SUPPLIED DATA:
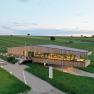 Modern building surrounded by vineyards at sunset.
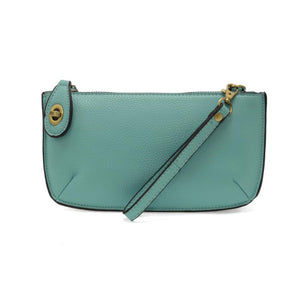 Our most popular bag, in a beautiful fresh aqua, this mini clutch, with its sleek silhouette, is as gorgeous as it is versatile.&nbsp; Features include a polished turn lock, six card slots, and an interior zipper for change.&nbsp; It can be styled in many ways, with removable straps for alternating between wallet, crossbody, and wristlet!

&nbsp;5"H x 9.5"W x 1"D

Removable and adjustable crossbody strap 13"-24"

Wristlet strap 7" long

interior zippered pocket

brass plated hardware

100% vegan leather (po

WHAT YOU NEED TO DO: Generate a word-for-word copy of the preceding records, excluding all pictures.

ANSWER TO THE EXERCISE:
 Modern building surrounded by vineyards at sunset.
 Our most popular bag, in a beautiful fresh aqua, this mini clutch, with its sleek silhouette, is as gorgeous as it is versatile.&nbsp; Features include a polished turn lock, six card slots, and an interior zipper for change.&nbsp; It can be styled in many ways, with removable straps for alternating between wallet, crossbody, and wristlet!

&nbsp;5"H x 9.5"W x 1"D

Removable and adjustable crossbody strap 13"-24"

Wristlet strap 7" long

interior zippered pocket

brass plated hardware

100% vegan leather (po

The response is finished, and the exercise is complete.